- _Work instruction_
Your job is to give again, exactly and with no additions, the lines in the records below from the one with "Question 1.10: Which" through the one with "To extract these", both included. Omit the pictures.

- _Records for the task_
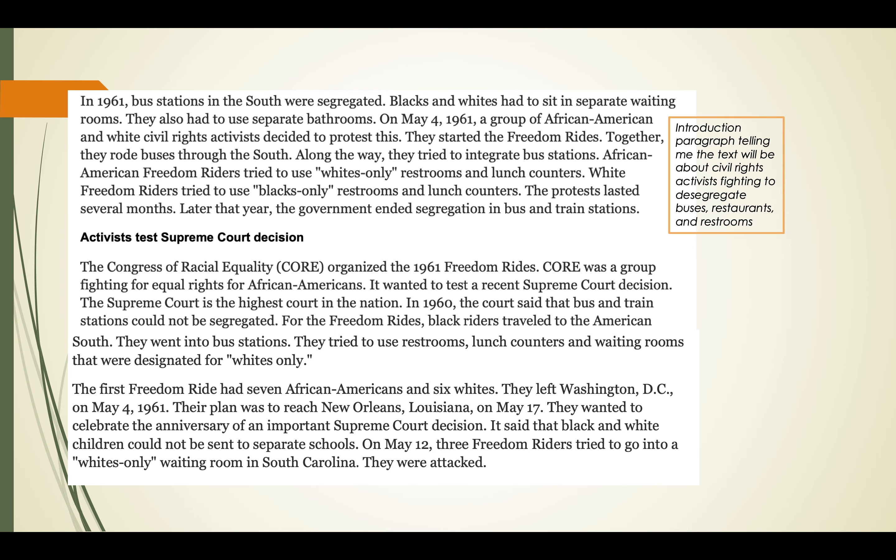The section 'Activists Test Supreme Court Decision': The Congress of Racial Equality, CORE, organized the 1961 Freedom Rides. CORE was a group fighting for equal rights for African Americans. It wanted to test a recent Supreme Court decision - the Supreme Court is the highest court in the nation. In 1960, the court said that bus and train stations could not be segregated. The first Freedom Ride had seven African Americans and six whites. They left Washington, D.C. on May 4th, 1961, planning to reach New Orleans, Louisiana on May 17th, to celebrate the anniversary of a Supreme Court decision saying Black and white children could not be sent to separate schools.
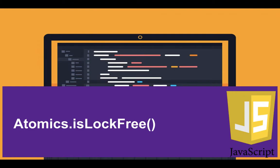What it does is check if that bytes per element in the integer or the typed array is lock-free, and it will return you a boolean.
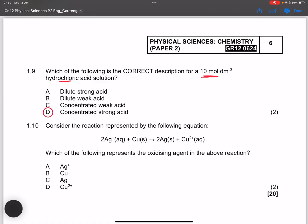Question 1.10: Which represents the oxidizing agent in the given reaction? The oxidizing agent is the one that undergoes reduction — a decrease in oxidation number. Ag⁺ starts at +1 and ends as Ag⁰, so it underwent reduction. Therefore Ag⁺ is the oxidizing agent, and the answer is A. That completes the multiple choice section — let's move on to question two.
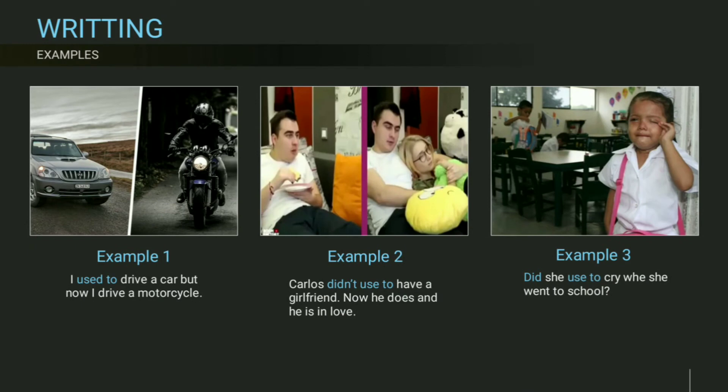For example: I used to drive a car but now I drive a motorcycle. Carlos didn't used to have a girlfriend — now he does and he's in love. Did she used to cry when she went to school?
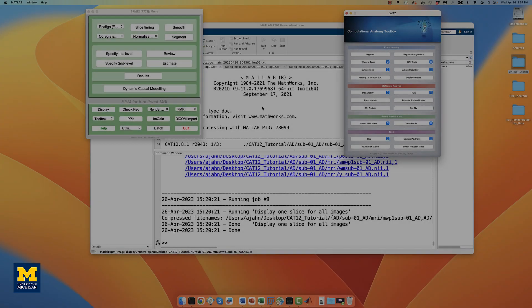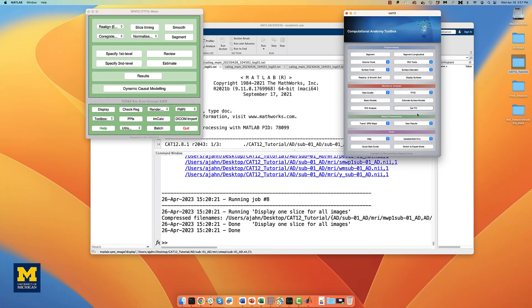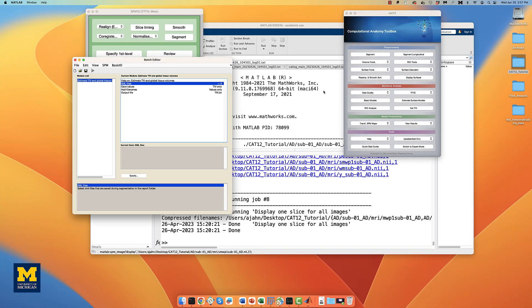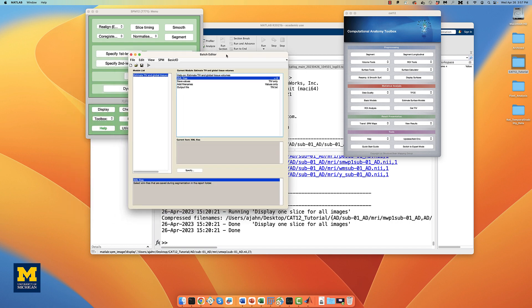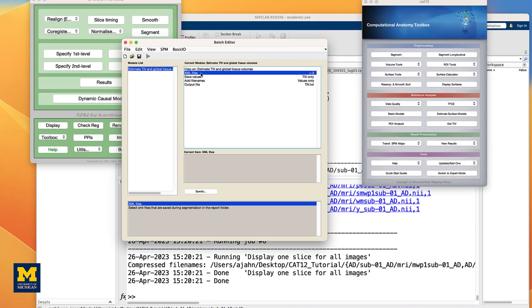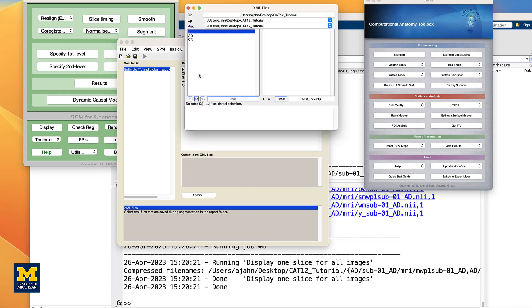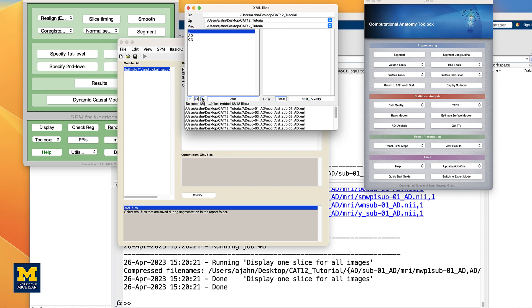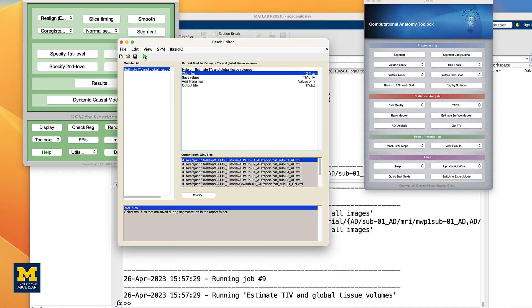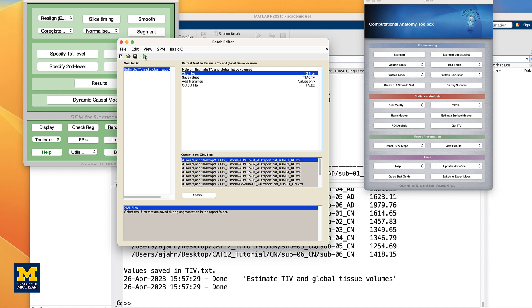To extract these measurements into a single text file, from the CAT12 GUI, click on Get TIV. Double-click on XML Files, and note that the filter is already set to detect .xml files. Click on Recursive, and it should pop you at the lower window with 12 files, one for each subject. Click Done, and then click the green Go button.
--
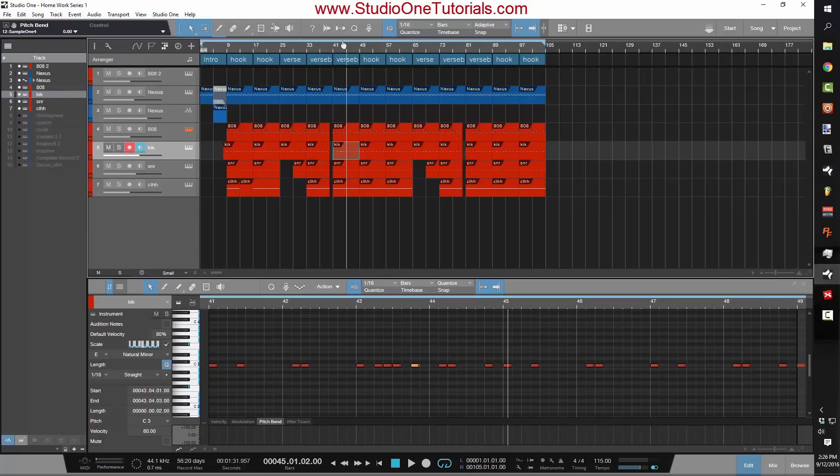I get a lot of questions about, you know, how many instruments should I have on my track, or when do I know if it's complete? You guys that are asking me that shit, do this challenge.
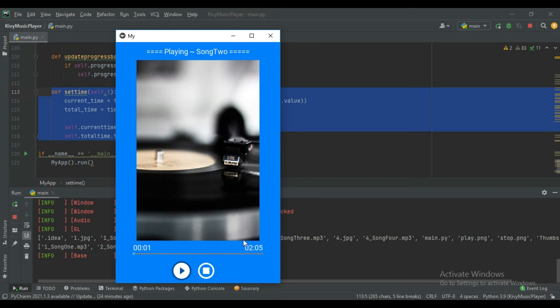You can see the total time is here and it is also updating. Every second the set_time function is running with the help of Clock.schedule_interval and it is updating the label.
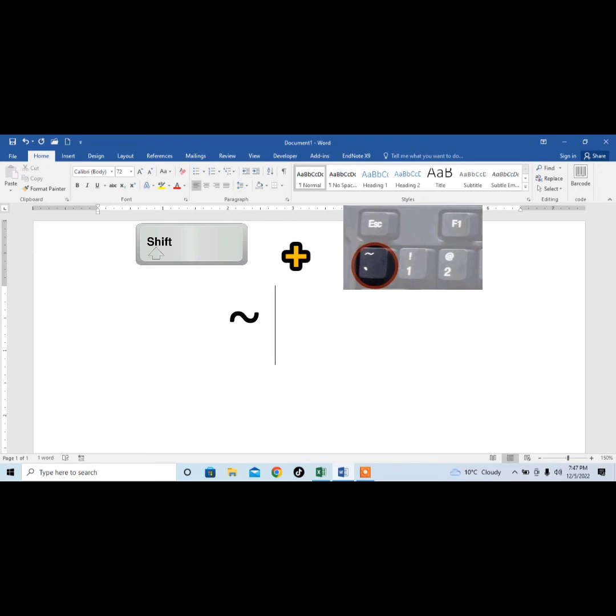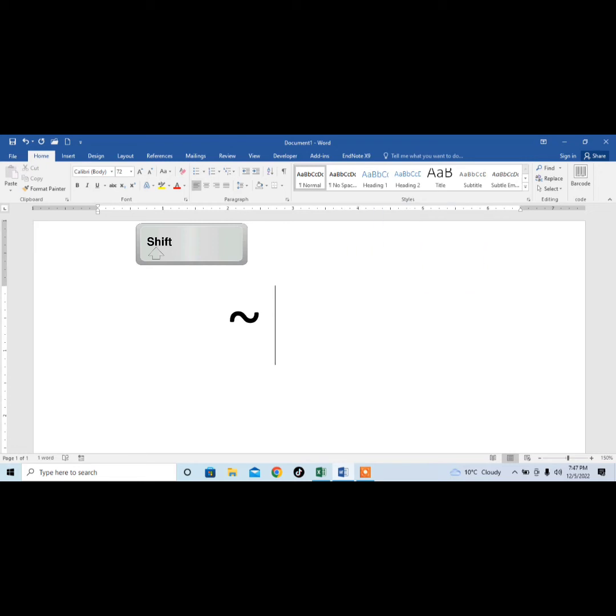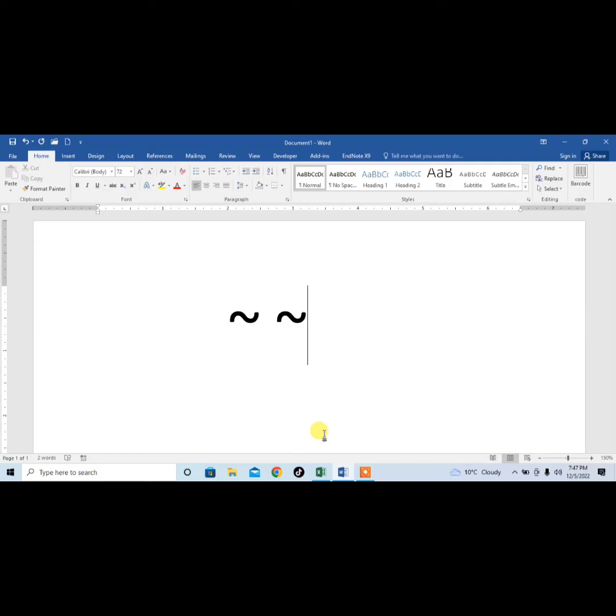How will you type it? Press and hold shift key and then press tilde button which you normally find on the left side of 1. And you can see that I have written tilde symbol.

- _Solution for this exercise_
Question 1.10: Which represents the oxidizing agent in the given reaction? The oxidizing agent is the one that undergoes reduction — a decrease in oxidation number. Ag⁺ starts at +1 and ends as Ag⁰, so it underwent reduction. Therefore Ag⁺ is the oxidizing agent, and the answer is A. That completes the multiple choice section — let's move on to question two.
For example: I used to drive a car but now I drive a motorcycle. Carlos didn't used to have a girlfriend — now he does and he's in love. Did she used to cry when she went to school?
To extract these measurements into a single text file, from the CAT12 GUI, click on Get TIV. Double-click on XML Files, and note that the filter is already set to detect .xml files. Click on Recursive, and it should pop you at the lower window with 12 files, one for each subject. Click Done, and then click the green Go button.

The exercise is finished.